Releasing the provisional data, commerce and industry minister Anand Sharma said here on Friday said, "The large trade deficit is primarily because of crude oil prices.... It is beyond us to control or regulate the crude prices in the foreign market." India imports close to 80 per cent of its crude oil requirement leaving the country at the mercy of the global oil cartel.
The nation's crude oil bill touched the $150-billion mark while gold and silver imports were valued at $60 billion. "We are on course despite very difficult global scenario and the contraction of demand in the US and the Euro Zone crisis," the minister said.
Outbound shipments grew in new markets of Latin America and Africa offsetting to some extent the declining demand for Indian goods in the western countries. "Our current account deficit and trade deficit are a challenge. Both are under stress. Trade deficit is primarily because of high crude oil prices," he said. The trade deficit in 2010-11 was a more manageable $104.4 billion.
The high current account deficit will entail purchase of more dollars to finance imports, which is likely to further weaken the rupee. This in turn will make imports even more costlier.

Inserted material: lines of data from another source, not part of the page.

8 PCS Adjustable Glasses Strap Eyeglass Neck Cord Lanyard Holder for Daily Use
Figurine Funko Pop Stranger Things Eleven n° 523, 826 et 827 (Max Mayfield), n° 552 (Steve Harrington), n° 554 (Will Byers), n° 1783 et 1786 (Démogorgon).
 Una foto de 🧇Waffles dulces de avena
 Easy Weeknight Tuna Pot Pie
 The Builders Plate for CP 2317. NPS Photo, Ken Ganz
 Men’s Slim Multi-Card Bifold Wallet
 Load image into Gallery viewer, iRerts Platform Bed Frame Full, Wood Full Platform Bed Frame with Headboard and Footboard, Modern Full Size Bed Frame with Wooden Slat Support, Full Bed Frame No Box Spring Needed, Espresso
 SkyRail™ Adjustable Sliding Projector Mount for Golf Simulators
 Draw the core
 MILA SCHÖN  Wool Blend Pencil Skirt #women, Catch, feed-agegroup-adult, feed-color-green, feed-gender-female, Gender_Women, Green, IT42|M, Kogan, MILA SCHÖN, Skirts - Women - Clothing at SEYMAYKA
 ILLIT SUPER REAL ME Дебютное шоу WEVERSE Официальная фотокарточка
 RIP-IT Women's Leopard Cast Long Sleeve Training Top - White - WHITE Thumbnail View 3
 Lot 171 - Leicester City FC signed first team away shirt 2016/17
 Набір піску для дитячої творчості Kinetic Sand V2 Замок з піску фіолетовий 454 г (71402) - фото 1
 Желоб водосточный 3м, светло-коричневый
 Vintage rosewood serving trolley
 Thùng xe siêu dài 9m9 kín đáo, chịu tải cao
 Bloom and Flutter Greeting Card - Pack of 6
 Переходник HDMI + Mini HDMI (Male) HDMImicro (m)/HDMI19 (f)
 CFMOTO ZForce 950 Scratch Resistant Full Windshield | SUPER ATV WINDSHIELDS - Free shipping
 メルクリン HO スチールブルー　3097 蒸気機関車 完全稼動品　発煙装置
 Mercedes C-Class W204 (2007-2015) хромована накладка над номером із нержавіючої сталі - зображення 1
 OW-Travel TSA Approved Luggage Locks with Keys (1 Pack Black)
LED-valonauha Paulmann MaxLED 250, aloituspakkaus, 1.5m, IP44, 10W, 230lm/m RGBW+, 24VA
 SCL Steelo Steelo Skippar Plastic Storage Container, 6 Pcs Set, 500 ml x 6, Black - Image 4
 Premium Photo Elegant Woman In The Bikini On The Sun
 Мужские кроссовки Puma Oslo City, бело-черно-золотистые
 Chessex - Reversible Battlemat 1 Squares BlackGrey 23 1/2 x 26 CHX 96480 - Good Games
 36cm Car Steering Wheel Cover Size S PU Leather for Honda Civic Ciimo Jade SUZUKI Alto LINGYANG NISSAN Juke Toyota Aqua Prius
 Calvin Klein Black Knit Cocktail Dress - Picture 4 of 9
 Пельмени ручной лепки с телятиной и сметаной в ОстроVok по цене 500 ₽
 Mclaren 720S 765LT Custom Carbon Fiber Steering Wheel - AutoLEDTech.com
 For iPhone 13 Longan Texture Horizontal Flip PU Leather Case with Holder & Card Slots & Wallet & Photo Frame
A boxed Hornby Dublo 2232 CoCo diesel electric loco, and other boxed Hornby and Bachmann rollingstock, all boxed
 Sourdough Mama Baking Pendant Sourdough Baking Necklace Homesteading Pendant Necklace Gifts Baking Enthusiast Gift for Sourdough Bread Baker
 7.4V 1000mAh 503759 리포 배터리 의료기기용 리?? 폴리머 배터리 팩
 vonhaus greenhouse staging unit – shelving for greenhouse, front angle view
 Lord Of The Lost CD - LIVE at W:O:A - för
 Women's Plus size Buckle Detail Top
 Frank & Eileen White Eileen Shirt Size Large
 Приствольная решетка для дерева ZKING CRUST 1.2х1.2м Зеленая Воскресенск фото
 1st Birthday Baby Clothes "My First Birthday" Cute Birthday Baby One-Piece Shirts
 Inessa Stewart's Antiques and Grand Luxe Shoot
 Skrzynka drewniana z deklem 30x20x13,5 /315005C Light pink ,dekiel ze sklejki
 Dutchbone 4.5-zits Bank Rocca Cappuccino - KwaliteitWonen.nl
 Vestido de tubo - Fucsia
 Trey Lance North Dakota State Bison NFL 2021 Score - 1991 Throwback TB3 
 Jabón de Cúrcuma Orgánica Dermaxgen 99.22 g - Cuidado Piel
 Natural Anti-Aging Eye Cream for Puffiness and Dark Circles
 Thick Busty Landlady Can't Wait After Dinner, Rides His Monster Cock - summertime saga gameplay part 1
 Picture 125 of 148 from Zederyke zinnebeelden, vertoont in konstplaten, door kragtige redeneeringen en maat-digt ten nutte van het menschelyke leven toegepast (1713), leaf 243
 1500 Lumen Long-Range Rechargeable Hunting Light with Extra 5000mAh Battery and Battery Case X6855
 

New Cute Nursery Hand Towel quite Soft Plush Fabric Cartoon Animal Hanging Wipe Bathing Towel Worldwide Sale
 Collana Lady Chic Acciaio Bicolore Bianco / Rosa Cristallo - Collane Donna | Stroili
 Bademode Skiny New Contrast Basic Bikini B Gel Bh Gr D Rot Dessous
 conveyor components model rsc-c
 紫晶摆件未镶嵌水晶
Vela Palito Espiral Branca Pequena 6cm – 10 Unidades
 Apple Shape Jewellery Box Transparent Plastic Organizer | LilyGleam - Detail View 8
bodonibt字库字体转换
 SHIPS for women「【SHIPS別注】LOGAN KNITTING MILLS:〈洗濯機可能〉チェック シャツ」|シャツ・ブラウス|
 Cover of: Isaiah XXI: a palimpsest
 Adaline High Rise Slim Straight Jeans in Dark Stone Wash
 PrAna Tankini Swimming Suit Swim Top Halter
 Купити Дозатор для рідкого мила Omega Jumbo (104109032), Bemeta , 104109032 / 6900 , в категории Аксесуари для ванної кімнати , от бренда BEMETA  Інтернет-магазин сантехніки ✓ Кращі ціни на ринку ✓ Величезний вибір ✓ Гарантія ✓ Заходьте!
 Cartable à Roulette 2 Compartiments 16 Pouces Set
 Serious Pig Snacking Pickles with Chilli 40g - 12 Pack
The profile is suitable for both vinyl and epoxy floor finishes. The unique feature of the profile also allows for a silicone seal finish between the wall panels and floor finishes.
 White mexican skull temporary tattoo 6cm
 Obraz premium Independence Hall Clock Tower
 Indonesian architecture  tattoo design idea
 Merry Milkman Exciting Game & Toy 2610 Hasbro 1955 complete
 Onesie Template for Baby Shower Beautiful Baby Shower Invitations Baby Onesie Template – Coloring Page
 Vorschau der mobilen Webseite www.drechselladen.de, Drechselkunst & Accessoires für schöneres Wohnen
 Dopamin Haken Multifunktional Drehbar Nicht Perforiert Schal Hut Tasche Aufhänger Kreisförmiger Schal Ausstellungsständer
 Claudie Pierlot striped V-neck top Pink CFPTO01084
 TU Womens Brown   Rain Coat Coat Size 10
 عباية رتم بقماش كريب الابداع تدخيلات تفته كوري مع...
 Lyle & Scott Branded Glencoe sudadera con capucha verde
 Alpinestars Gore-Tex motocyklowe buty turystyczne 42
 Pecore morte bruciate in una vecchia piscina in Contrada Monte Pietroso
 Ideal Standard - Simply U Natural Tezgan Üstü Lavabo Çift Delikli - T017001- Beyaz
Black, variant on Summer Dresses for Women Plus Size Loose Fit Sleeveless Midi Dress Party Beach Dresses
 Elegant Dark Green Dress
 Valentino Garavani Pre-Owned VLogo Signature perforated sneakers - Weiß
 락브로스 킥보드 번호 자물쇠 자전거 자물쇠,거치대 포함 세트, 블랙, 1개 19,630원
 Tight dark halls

The rupee had fallen by nearly 16 per cent vis-a-vis the dollar in 2011 before recovering somewhat this year.
Sharma said that exports for 2011-2012 have exceeded $300 billion to surpass the 20 per cent growth target despite a slowdown in the US and Europe, which constitute the main markets for India.
However, imports have jumped by 38.2 per cent yearon-year to $485 billion during April-March. Apart from the crude bill, gold imports of nearly $59 billion have also helped widen the trade deficit. In 2010-11, Indian imports rose 21.6 per cent from a year earlier to $350.7 billion while exports grew 37.6 per cent on year to touch nearly $246 billion.
Meanwhile, services exports, which include the IT sector, grew by 1.8 per cent to $11.23 billion in February this fiscal over the previous month, the Reserve Bank said. Export of services were $11.02 billion in January. Total services exports during April-February now work out to $124.25 billion and will offset part of the huge trade deficit and reduce the burgeoning current account deficit.